:: TASK TO CARRY OUT ::
With the pictures omitted, repeat exactly the lines below starting with the line that has "Weihnachtsmann-Kostüm Für Damen" and going on through the line that has "akatan_art anthro cigarette".

:: DATA ::
☆ ☆ ☆ ☆ ☆ ☆ ☆

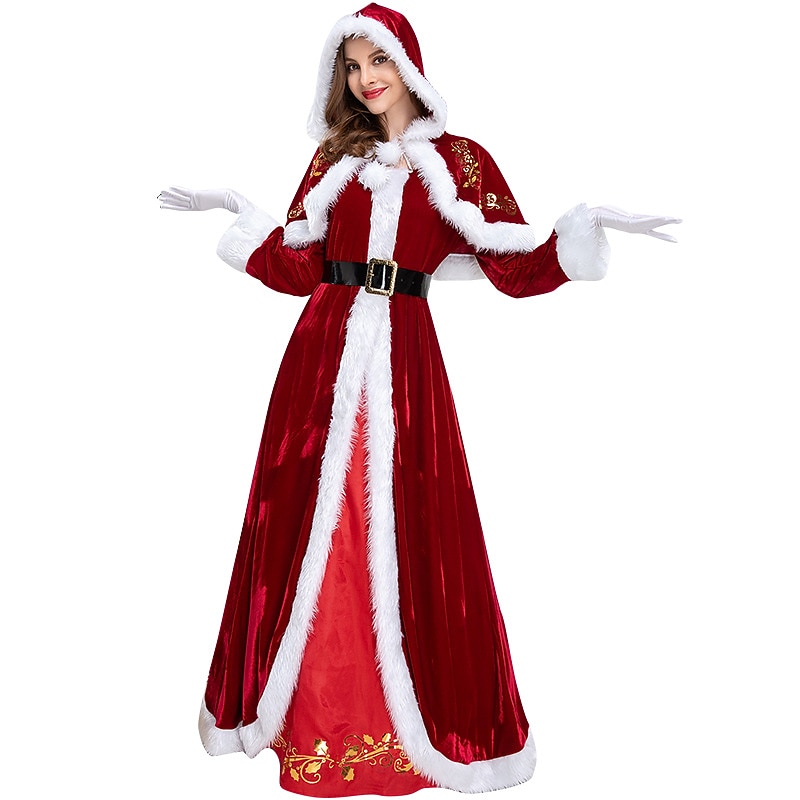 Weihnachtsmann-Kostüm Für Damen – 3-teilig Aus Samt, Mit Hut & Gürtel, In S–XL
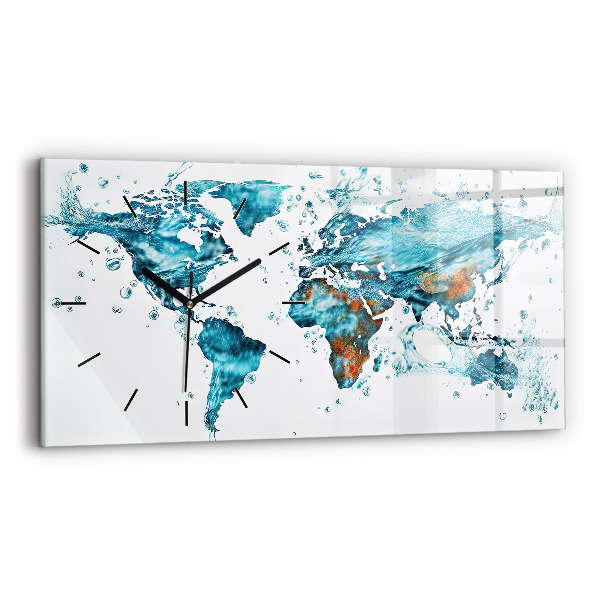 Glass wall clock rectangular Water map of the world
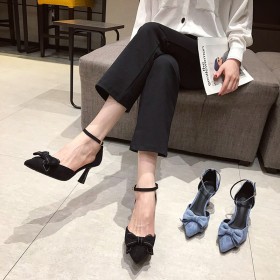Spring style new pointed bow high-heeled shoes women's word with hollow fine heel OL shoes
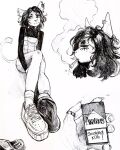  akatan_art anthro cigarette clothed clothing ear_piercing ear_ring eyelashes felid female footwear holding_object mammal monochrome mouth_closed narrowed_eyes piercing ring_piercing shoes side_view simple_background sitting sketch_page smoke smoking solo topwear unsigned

☆ ☆ ☆ ☆ ☆ ☆ ☆

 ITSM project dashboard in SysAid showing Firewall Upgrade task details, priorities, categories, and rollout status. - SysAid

☆ ☆ ☆ ☆ ☆ ☆ ☆

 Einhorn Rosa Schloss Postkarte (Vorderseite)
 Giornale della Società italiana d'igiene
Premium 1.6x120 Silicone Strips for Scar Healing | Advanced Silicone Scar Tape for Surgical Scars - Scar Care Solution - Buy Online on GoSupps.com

☆ ☆ ☆ ☆ ☆ ☆ ☆

:: RESPONSE TO THIS TASK ::
 Weihnachtsmann-Kostüm Für Damen – 3-teilig Aus Samt, Mit Hut & Gürtel, In S–XL
 Glass wall clock rectangular Water map of the world
Spring style new pointed bow high-heeled shoes women's word with hollow fine heel OL shoes
  akatan_art anthro cigarette clothed clothing ear_piercing ear_ring eyelashes felid female footwear holding_object mammal monochrome mouth_closed narrowed_eyes piercing ring_piercing shoes side_view simple_background sitting sketch_page smoke smoking solo topwear unsigned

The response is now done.